L’homme eut le malheur de ne point tenir compte de cette défense
et de cette menace. Emporté par un mouvement d’orgueil,
à la suggestion du Tentateur perfide, il désobéit
à Dieu. Aussitôt, le privilège de vie immortelle,
accordé par Dieu à la nature humaine dans la personne
du premier homme lui fut enlevé. Pour toujours désormais,
la mort devait régner dans le genre humain déchu. Mais
Dieu, dans sa miséricorde, faite de sagesse, de bonté
et de puissance infinie, allait tout restaurer en vue d’un triomphe
éblouissant sur la mort et sur le démon, qui en était
le premier auteur. Il allait créer l’homme nouveau par
lequel Il remporterait sa victoire. Le démon avait vaincu en
amenant l’homme premier à désobéir. Dieu
allait vaincre en se donnant, dans l’homme nouveau, un obéissant
parfait . Et, de même que la désobéissance du
premier avait causé la mort en violant le précepte auquel
était attachée l’immortelle vie ; de même
l’homme nouveau restaurerait la vie en observant fidèlement
et par obéissance au Chef, Dieu lui-même, souverain maître
de la mort et de la vie , le précepte qui lui commandait d’aller
à la mort. Toute l’économie des conseils de Dieu,
dans l’histoire du genre humain, tient dans ce double contraste
: d’une vie immortelle perdue par une désobéissance
qui méprisait le précepte de la vie ; et de cette même
vie immortelle reconquise par une obéissance qui embrasserait
amoureusement le précepte de la mort.
Obéissance et charité
Saint Thomas dit que le « Christ
a été obéissant par amour pour le Père
qui commandait ». (ad tertium).
Conclusion du Père Pègues
: :
Le Christ s’est livré Lui-même
à la Passion et à la mort. Comme Dieu et comme homme,
et comme Verbe incarné ou comme Dieu-Homme, non seulement il
n’y avait, pour Lui, aucune nécessité de souffrir
ou de mourir, mais Il avait tout pouvoir, un pouvoir absolu d’éviter
la passion et la mort. Toutefois Il a voulu les subir. Et c’est
parce qu’Il a voulu les subir qu’en effet la Passion et
la mort l’ont atteint. D’où il résulte qu’en
toute vérité Il s’est sacrifié Lui-même
; ce qui est la raison même de son sacerdoce. Or, Il l’a
fait par obéissance, pour accomplir ce qu’Il savait être
une pensée arrêtée dans les conseils de Dieu son
Père, une volonté ferme portant sur un dessein qui devait
montrer en pleine lumière la sagesse, la bonté, la puissance
infinie de Dieu dans l’économie de son œuvre par
excellence : la restauration, par la mort volontaire de son Fils sur
la Croix, de l’œuvre ruinée au début du genre
humain par la désobéissance du premier homme détachant
de l’arbre du Paradis terrestre, à l’instigation
du démon, le fruit défendu.
Cette volonté formelle du Père
permettra-t-elle de dire en toute vérité que le Père
a livré Lui-même son Fils à la Passion et à
la mort ? Saint Thomas étudie le problème à l’article
suivant
Article 3 : Si Dieu le Père a
livré le Christ à la Passion ?
Cela ne semble pas possible : car il
est inique et cruel qu’un innocent soit livré à
la torture et à la mort. Ergo.
Il est dit aux Ephésiens que « le Christ s’est
livré Lui-même pour nous » (Eph 5 2) Ergo.

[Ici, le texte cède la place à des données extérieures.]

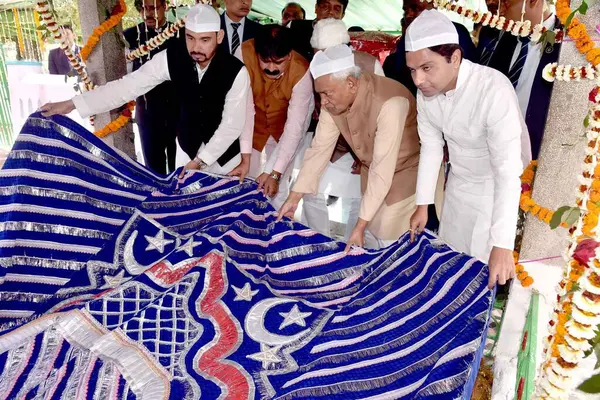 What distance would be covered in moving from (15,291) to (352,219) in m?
1.91

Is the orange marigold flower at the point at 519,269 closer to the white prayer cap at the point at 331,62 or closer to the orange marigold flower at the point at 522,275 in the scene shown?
the orange marigold flower at the point at 522,275

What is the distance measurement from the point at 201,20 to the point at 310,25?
132 cm

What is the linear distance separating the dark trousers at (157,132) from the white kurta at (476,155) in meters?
2.25

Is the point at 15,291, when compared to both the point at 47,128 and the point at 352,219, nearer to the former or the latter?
the point at 47,128

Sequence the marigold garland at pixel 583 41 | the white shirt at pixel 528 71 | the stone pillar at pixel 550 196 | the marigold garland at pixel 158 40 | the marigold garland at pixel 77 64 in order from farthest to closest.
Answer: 1. the marigold garland at pixel 158 40
2. the marigold garland at pixel 77 64
3. the white shirt at pixel 528 71
4. the stone pillar at pixel 550 196
5. the marigold garland at pixel 583 41

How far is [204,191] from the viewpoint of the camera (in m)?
2.69

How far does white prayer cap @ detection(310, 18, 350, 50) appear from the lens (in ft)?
9.04

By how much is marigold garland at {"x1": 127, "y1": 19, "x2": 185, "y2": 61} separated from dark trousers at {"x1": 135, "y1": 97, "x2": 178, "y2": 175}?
0.37 meters

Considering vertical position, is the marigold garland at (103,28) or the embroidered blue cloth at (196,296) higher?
the marigold garland at (103,28)

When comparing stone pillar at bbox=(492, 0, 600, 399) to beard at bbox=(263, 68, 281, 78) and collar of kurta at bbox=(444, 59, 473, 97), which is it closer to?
collar of kurta at bbox=(444, 59, 473, 97)

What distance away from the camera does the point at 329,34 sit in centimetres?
278

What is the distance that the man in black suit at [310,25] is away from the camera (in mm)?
3703

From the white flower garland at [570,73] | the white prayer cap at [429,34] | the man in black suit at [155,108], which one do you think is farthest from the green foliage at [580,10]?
the man in black suit at [155,108]

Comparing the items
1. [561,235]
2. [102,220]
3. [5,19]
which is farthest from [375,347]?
[5,19] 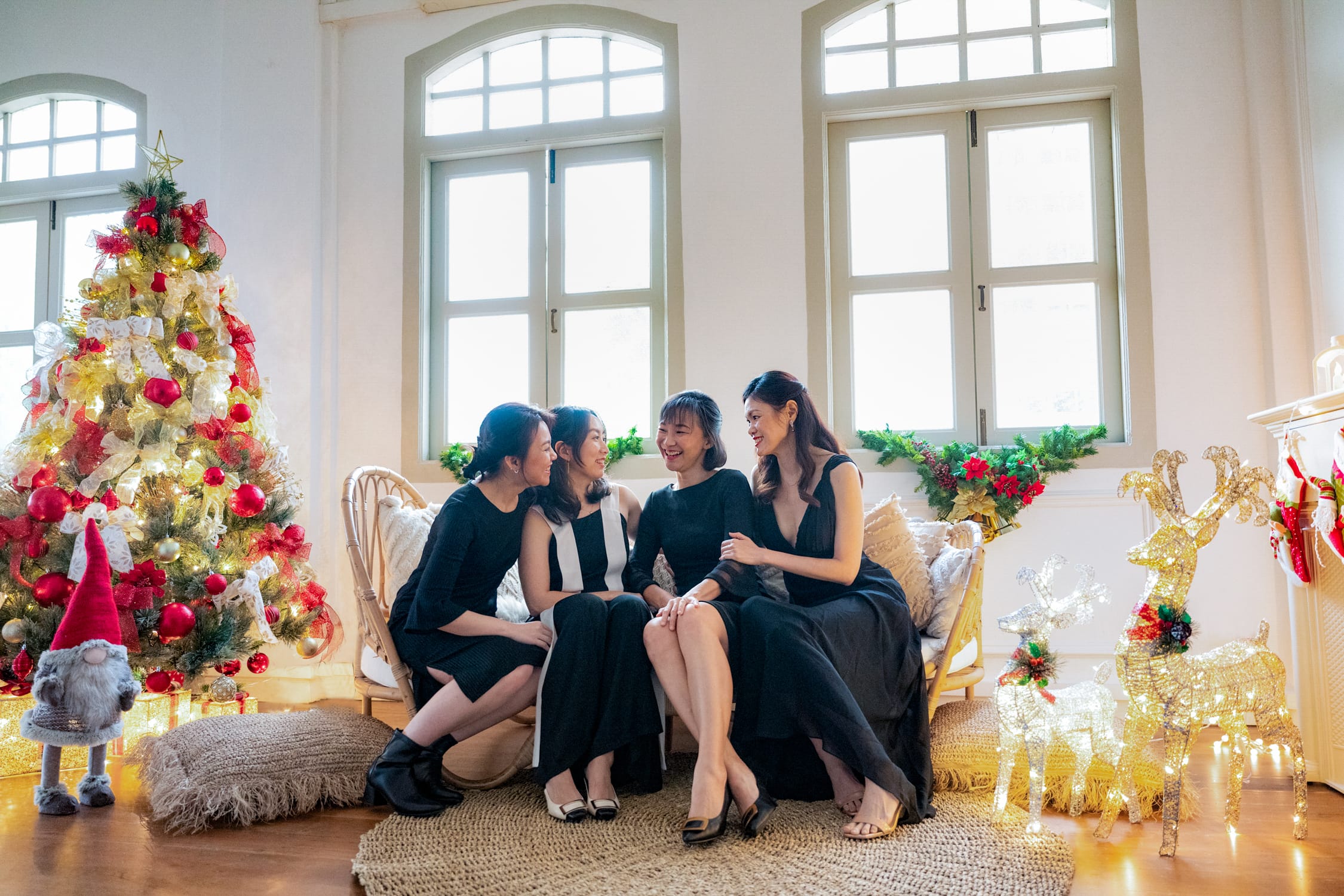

Mais non, c’est Judas qui a livré
son Maître : cf Jn 6 71-72
Mais non, ce sont les juifs qui le livrèrent à Pilate
: cf Jn 18 35
Mais non, c’est Pilate : cf Jn 19 16
Donc il semble que Dieu le Père
n’a point livré le Christ à la Passion.
Cependant nous avons Rm 8 32 où
il est dit : « Dieu n’a point fait grâce à
son propre Fils, mais Il l’a livré pour nous ».
La doctrine de Saint Thomas
Dans le corps de l’article, Saint
Thomas rappelle d’un mot la conclusion de l’article précédent
et en tire tout de suite un triple aspect de preuve pour établir
la conclusion du présent article.
« Comme il a été dit, le Christ a souffert volontairement
sa Passion, obéissant en cela à son Père. D’où
il suit qu’à un triple chef, Dieu le Père a livré
le Christ à la Passion.
D’abord selon que par sa volonté éternelle Il
a pré ordonné la Passion du Christ à la libération
du genre humain, conformément à ce qui est dit dans
le prophète Isaïe : « Le Seigneur a placé
en Lui l’iniquité de nous tous » (Is 53 6) et encore
: « Le Seigneur a voulu le briser dans sa faiblesse »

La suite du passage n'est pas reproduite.